見出し画像

不確実性下の意思決定理論入門

不確実性下の意思決定とは

意思決定理論 (decision theory) は、「よりよい意思決定」を追究する学問領域です。

ここで意思決定とは、「ある状況下で、複数の選択肢から1つの選択を行うこと」という定義をします。

起こりうる状況を $${\mathbf{x} = (x_1, x_2, \dots , x_N)}$$ 、取りうる選択肢を $${\mathbf{y} = (y_1, y_2, \dots , y_M)}$$ と書くことにすれば、意思決定とは $${\mathbf{x}}$$ と $${\mathbf{y}}$$ の要素の組み合わせのことです。

例えば、ある状況 $${x_i}$$ の下で $${y_j}$$ という選択を行う場合、その意思決定の定量的な結果 (consequence) は

$$
c_{ij} = f(x_i, y_j)
$$

のように $${x}$$ と $${y}$$ の関数で表現できます。

特に、$${\mathbf{x}}$$ がどの状況になるかどうかが不確かで決定的でない場合(確率的にしか判断できない場合)の意思決定問題のことを「不確実性下の意思決定 (decision making under uncertainty)」と呼びます。

この記事で数理的な深入りはしませんが、意思決定理論は、この $${ c_{ij} }$$ の期待値の最大化を考えるような理論です。

意思決定と情報量

なにかを意思決定するとき、情報の存在は非常に重要です。例えば、来年のコロナウイルスの再拡大リスクを評価したい場合に、

  1. 特に新たな変異株の報告は出てきていないとき

  2. 新たな変異株が南アフリカで発生したという事実がわかったとき

  3. オミクロン株の感染力・毒性が定量的に判明したとき

という3つの状況を考えれば、1 → 2 → 3 の順に情報量が増え、より精度の高い予測、意思決定ができるようになります。

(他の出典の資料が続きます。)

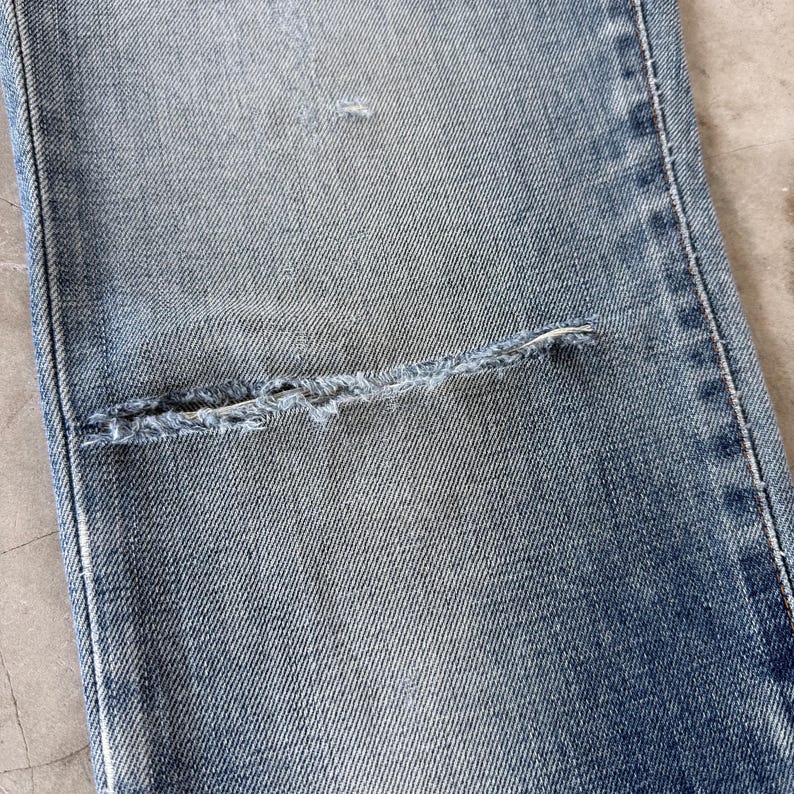May include: Close-up of light blue denim jeans with a distressed knee. The jeans show signs of wear and tear, with a large, horizontal rip across the knee area. The denim has a faded appearance.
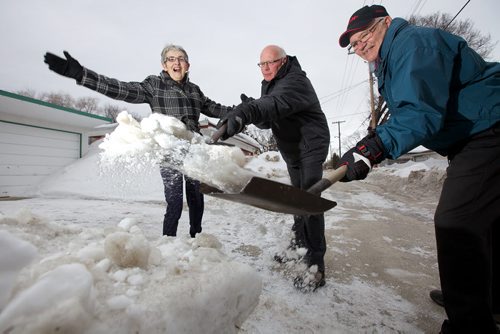 March 31, 2014 - 140331  -  Susan McVarish (L) cheers as Murray Greenley (C) and Delbert Comberbach clean up the last remaining ice of the windrow left by snow plows in the backland behind her garage at her East Kildonan home Avenue Monday, March 31, 2014. John Woods / Winnipeg Free Press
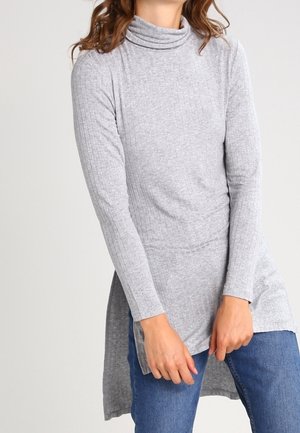 Kobieta w jasnoszarej prążkowanej tunice z golfem i długim rękawem oraz niebieskich dżinsach, pozująca z rękami przy udach.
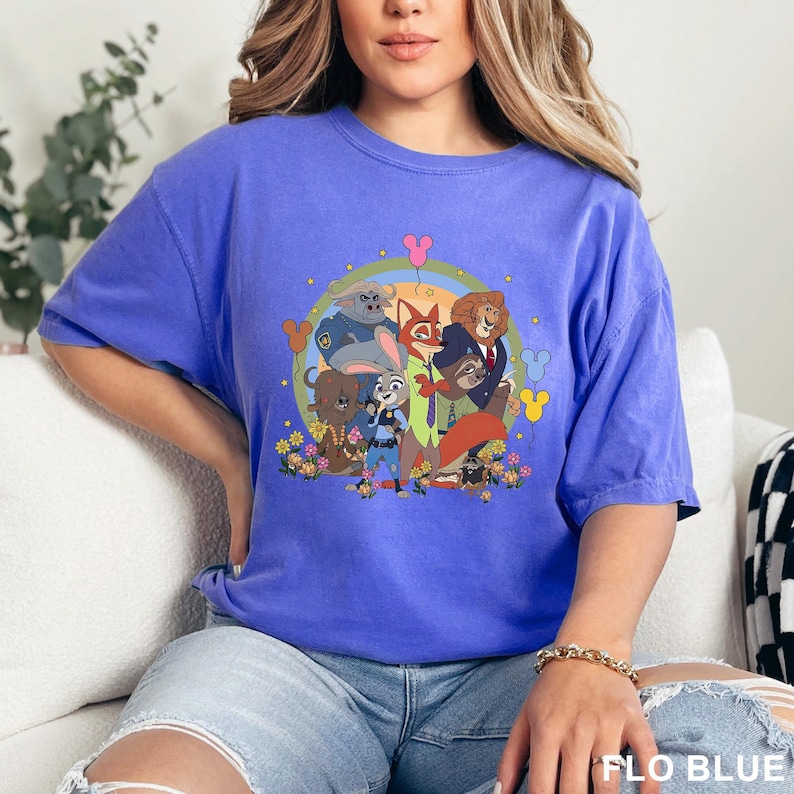 May include: A blue t-shirt featuring a colorful graphic of characters from the animated movie Zootopia. The design includes Judy Hopps, Nick Wilde, and other characters, surrounded by flowers and a rainbow. The text "FLO BLUE" is visible at the bottom.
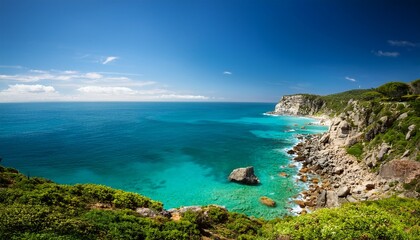 this scene features stunning coastal cliffs bordered by clear turquoise waters rocky shores are interspersed with lush green vegetation creating a tranquil atmosphere under a bright blue sky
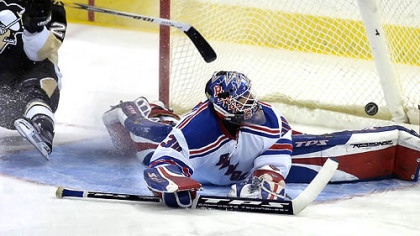 Maxime Talbot slides past the net as the puck sails over the pads of Rangers goalie Henrik Lundqvist in the first period Saturday night. Talbot's goal was his fifth of the season. (vs. Rangers 11/17/07)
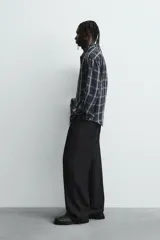 Camisa de corte relajado confeccionada en tejido fluido de cupro y viscosa, con estampado de cuadros, cuello solapa, manga larga con puño abotonado y cierre frontal de botones.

意思決定理論において、情報量は「不確実性の減少量」として定量的に定義できます。情報の不確実性は情報エントロピー ($${H}$$) とも呼ばれる量で、$${x_i}$$ という状況になる確率を $${P(x_i)}$$ とすれば、

$$
H(\mathbf{x}) = - \sum_{i=1}^{N} P(x_i) \log_2{P(x_i)}
$$

という式で表されます。$${H(\mathbf{x})}$$ は不確実性を表す量なので、意思決定の参考になる情報が何もない状態のときに最大値を取ります

起こりうる状況が2つ ($${N = 2}$$) の場合で具体的に計算してみましょう。$${x_1}$$ と $${x_2}$$ のどちらが起こりやすいか全く分からない状況なので、$${P(x_1) = P(x_2) = 0.5}$$ とします。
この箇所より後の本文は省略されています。